At least the scandal probably stopped the Astros from complaining about the need for a new stadium, as teams typically do when their existing stadium is more than 20 years old. Minute Maid Park (I think you all remember what it is used to call) opened in 2000 and cost area taxpayers $250 million (or $442 million in modern dollars). That almost seems cheap, compared to what some teams are charging these days.

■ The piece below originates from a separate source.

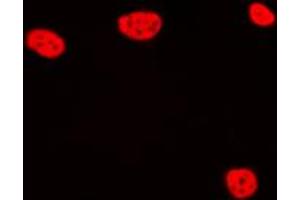 Immunofluorescent analysis of TCEB3C staining in Jurkat cells. (TCEB3C antibody  (C-Term))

Maybe not so cheap for Houstonians, who face a $450 million budget shortfall in the school system. But hey, at least they got a few baseball championships for their money. Or should I say, championships*.

Today’s Musick is inspired by this comment made recently by BH-Baseball:

So many players have been caught cheating and gone unpunished, some going all the way to a world championship (e.g. Astros)…..yet someone like Rose was completely kicked out of MLB for betting on the victory of his own team. Yes, he was arrogant and unlikable, but he didn’t do worse than the Astros or others did. Tim Raines was elected to the HOF, even though he admitted to using cocaine during games and slipping headfirst so as not to break the vial in his back pocket. Steve Howe has been banned for life more than once and allowed to return. And then there’s the whole HOF rejecting players who have never tested positive for a PED, but there is “hearsay evidence” against them.

The song is about the fact that no matter how dirty, mean, just plain horrible, or downright evil he is, every baseball player has SOMEONE who has his back. For example, not every Twin has had a completely perfect record. And I love Matt Stairs’ lyrics.